_Exercise requirements_.
Start the copy at the line holding "JBK-800���ڳؿ�ʽ����� ����������ؿ�ʽ�����" and continue it exactly through the last line of the entries, leaving out pictures and anything else.

_Data in this exercise_.
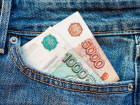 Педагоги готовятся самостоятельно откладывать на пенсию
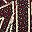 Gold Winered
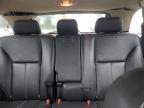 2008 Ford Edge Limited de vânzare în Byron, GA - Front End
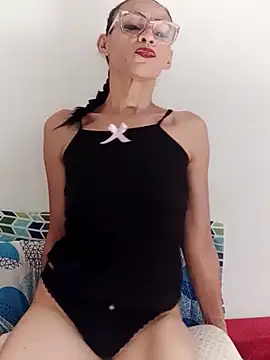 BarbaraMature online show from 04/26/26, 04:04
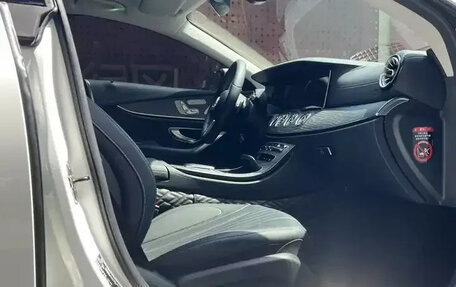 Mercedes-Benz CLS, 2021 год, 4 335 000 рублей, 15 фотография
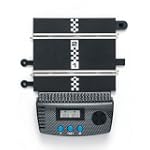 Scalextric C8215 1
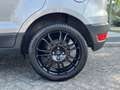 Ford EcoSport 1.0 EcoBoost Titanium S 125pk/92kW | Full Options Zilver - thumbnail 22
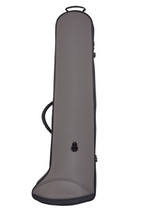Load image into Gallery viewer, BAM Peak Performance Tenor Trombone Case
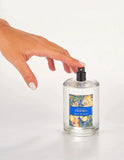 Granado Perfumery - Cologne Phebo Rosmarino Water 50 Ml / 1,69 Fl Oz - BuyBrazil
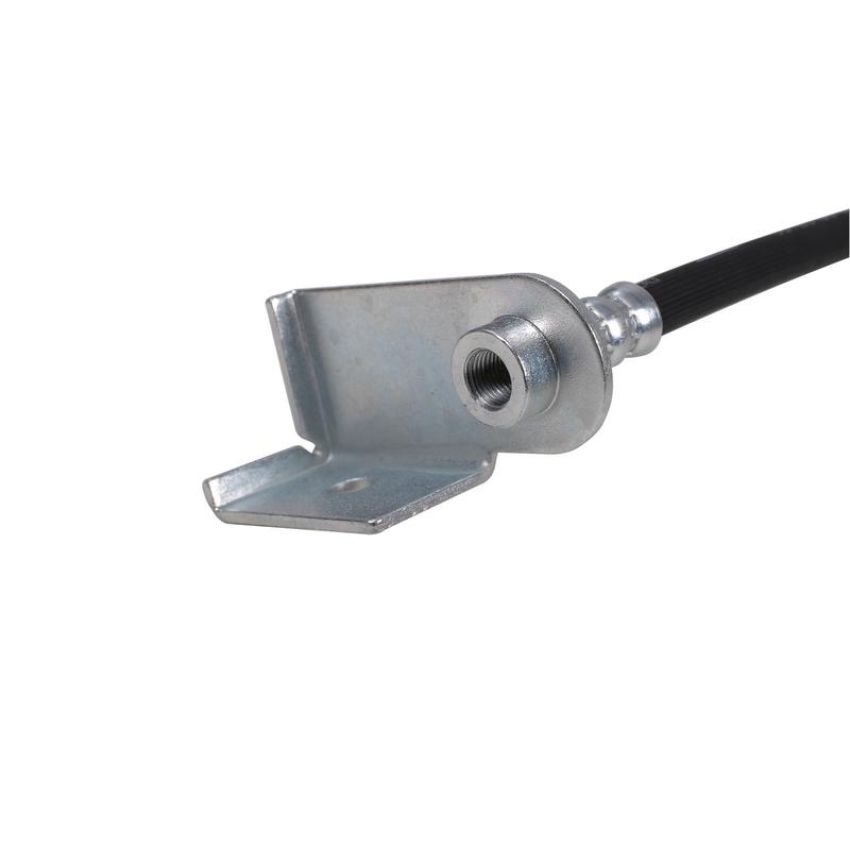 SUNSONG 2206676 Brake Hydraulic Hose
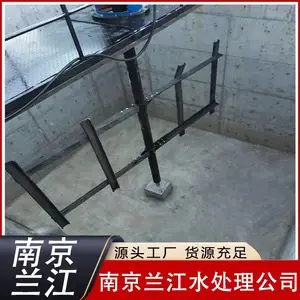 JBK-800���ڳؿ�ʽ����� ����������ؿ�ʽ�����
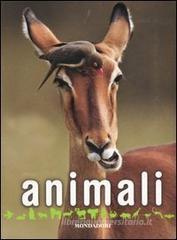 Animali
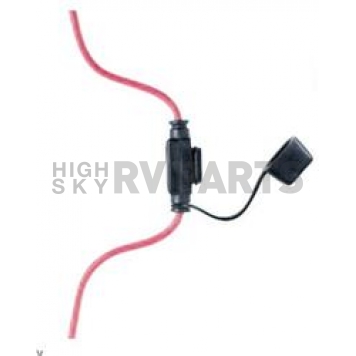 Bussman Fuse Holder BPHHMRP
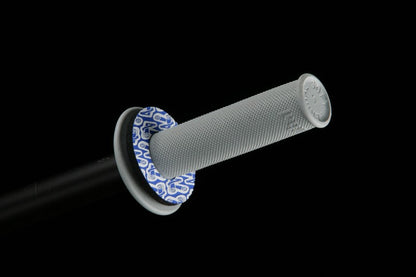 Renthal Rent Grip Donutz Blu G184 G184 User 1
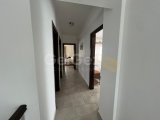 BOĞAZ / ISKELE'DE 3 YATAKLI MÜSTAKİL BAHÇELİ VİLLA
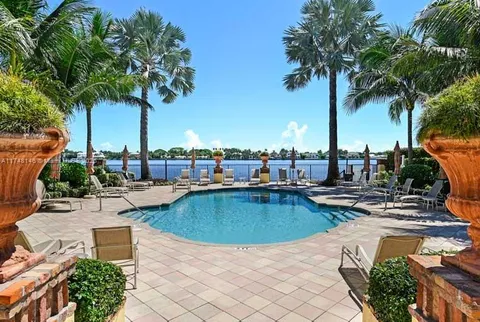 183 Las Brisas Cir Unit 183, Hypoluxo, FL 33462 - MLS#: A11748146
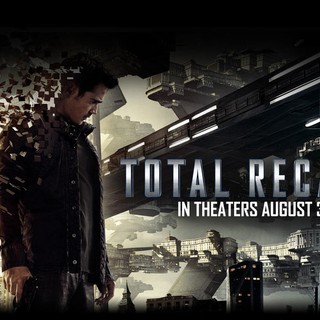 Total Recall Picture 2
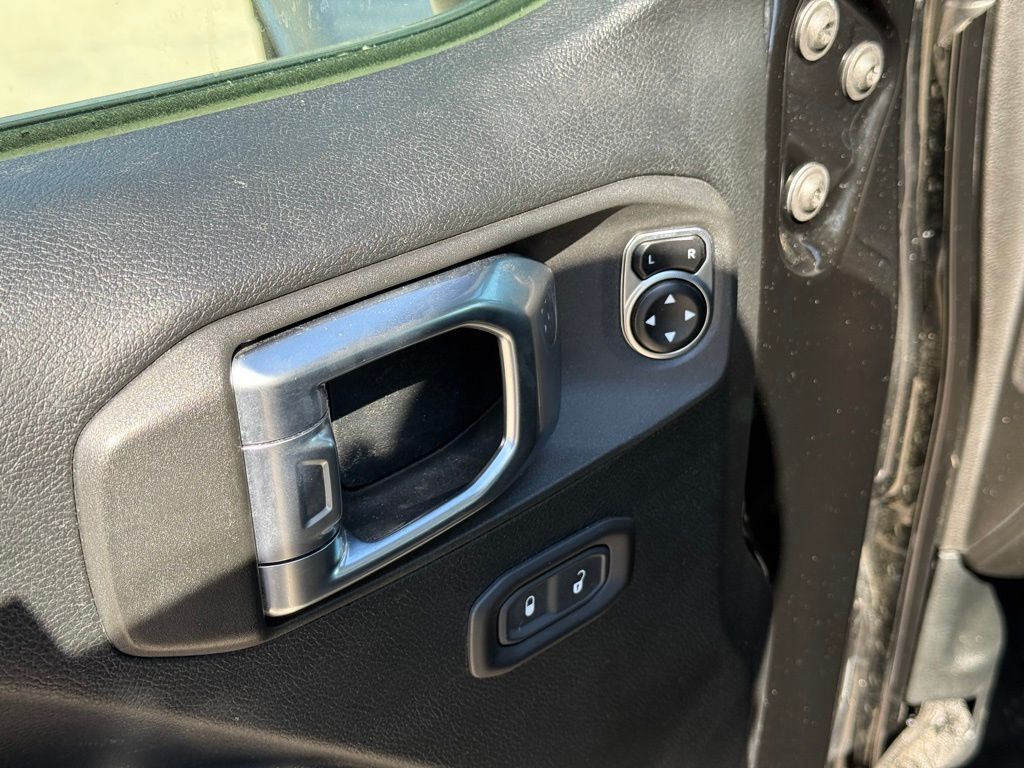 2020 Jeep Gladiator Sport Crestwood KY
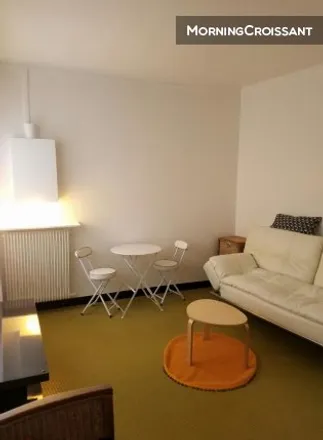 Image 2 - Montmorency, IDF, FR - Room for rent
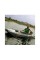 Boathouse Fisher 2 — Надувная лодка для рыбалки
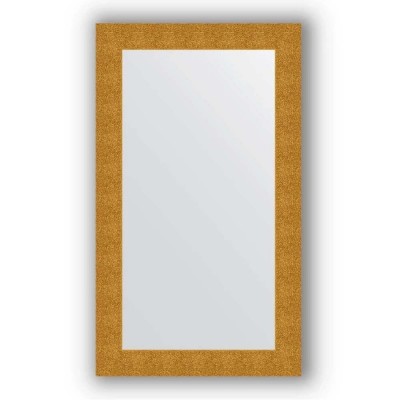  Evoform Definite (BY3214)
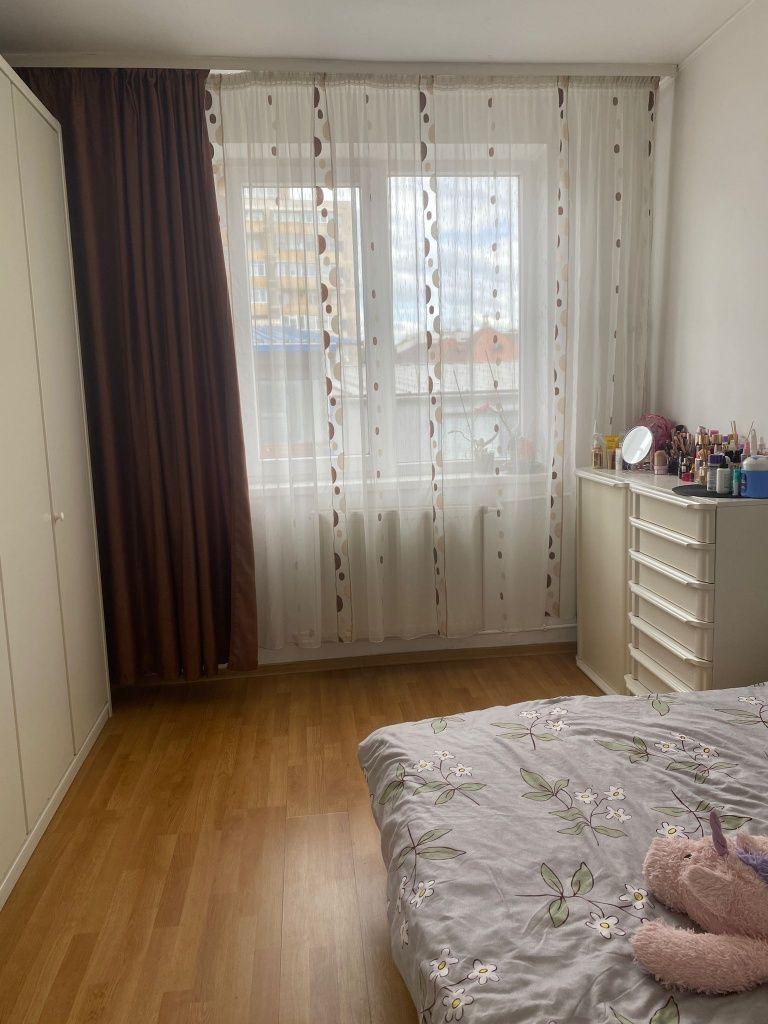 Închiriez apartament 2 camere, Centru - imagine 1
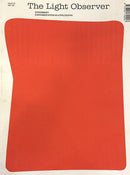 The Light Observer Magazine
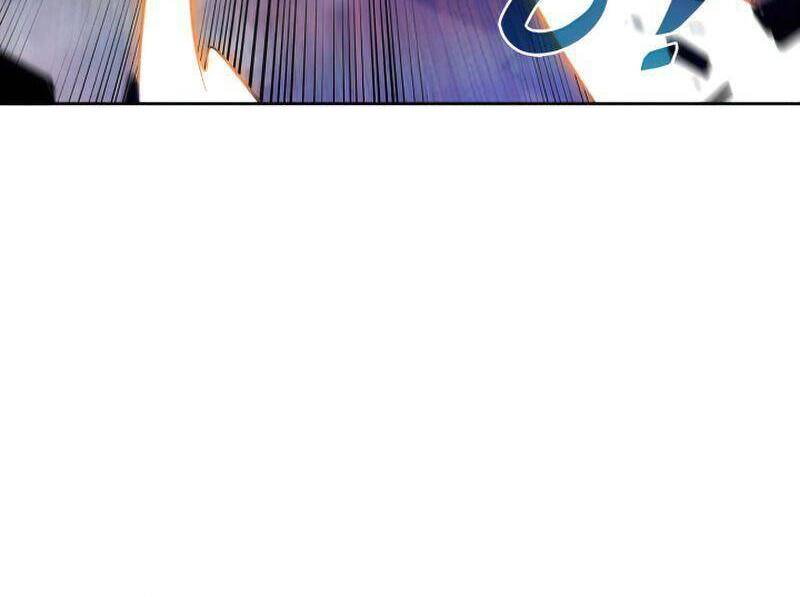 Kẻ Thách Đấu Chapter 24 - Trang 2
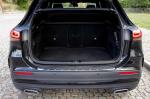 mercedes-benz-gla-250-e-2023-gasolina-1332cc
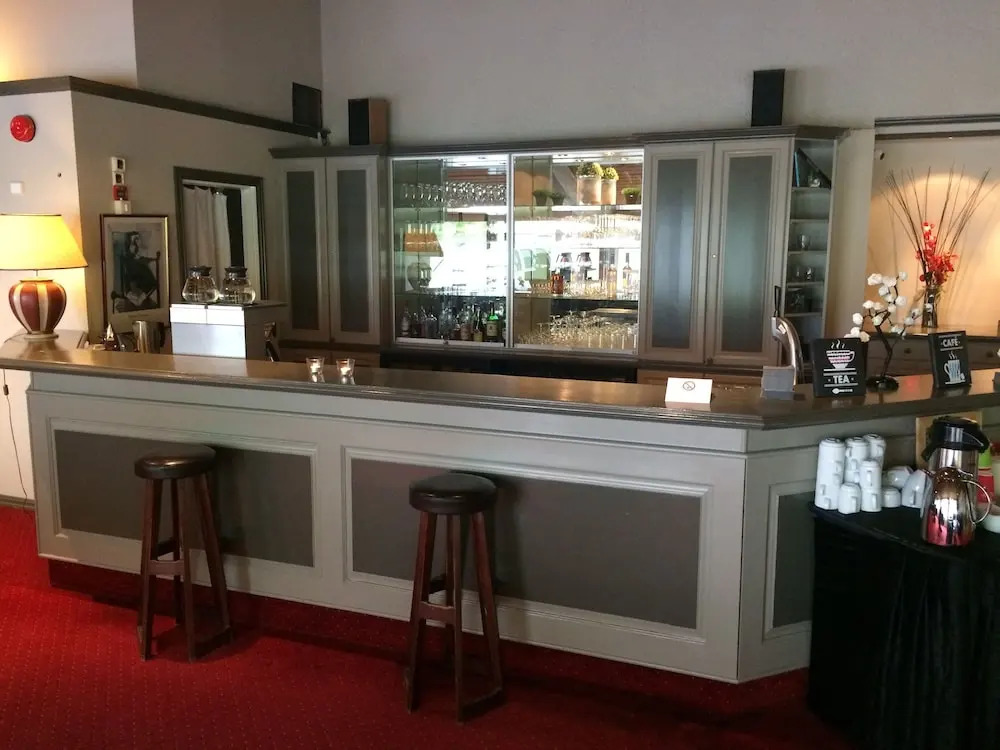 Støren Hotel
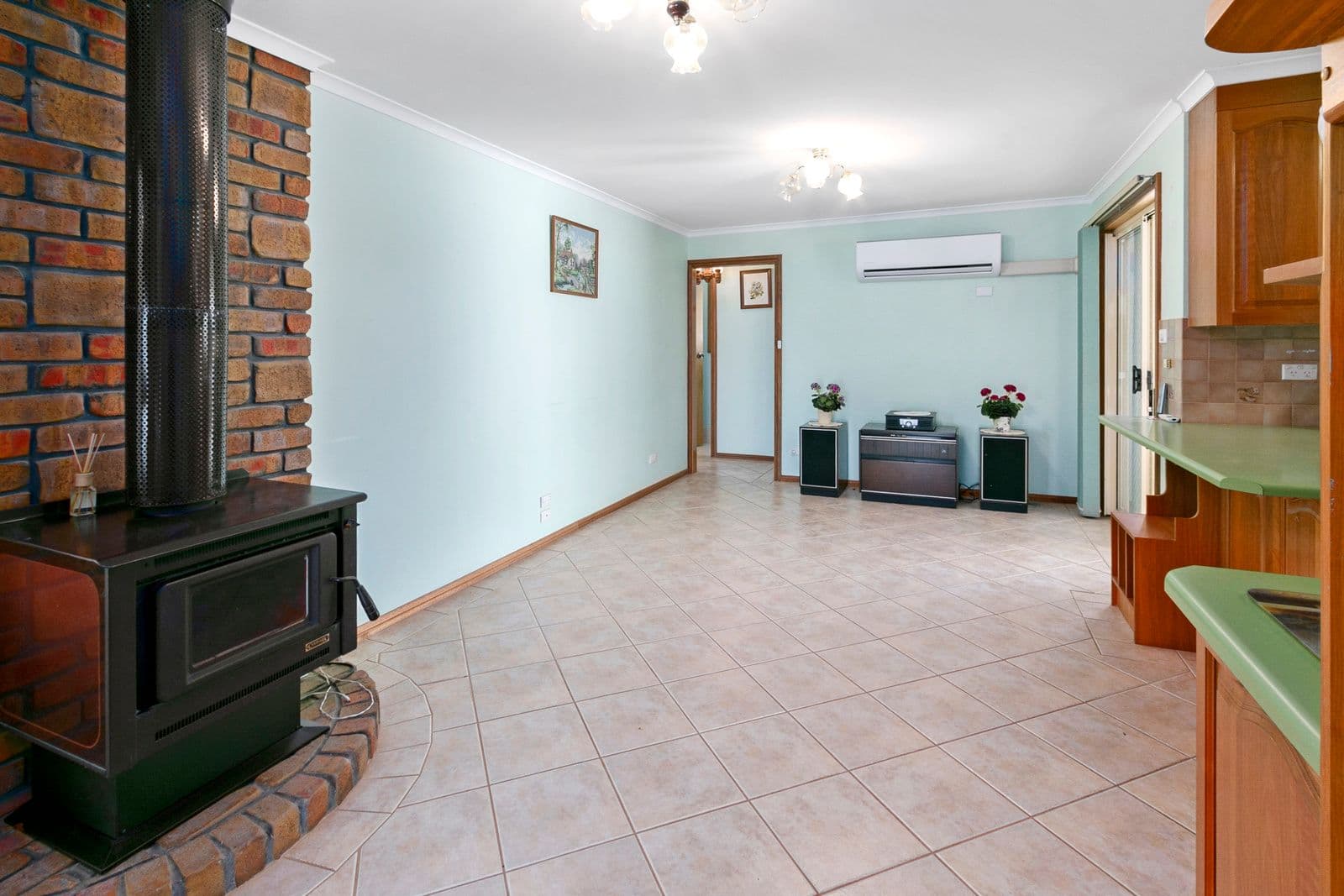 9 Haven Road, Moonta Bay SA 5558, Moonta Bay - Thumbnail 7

_Answer space_.
 JBK-800���ڳؿ�ʽ����� ����������ؿ�ʽ�����
 Animali
 Bussman Fuse Holder BPHHMRP
 Renthal Rent Grip Donutz Blu G184 G184 User 1
 BOĞAZ / ISKELE'DE 3 YATAKLI MÜSTAKİL BAHÇELİ VİLLA
 183 Las Brisas Cir Unit 183, Hypoluxo, FL 33462 - MLS#: A11748146
 Total Recall Picture 2
 2020 Jeep Gladiator Sport Crestwood KY
 Image 2 - Montmorency, IDF, FR - Room for rent
 Boathouse Fisher 2 — Надувная лодка для рыбалки
  Evoform Definite (BY3214)
 Închiriez apartament 2 camere, Centru - imagine 1
 The Light Observer Magazine
 Kẻ Thách Đấu Chapter 24 - Trang 2
 mercedes-benz-gla-250-e-2023-gasolina-1332cc
 Støren Hotel
 9 Haven Road, Moonta Bay SA 5558, Moonta Bay - Thumbnail 7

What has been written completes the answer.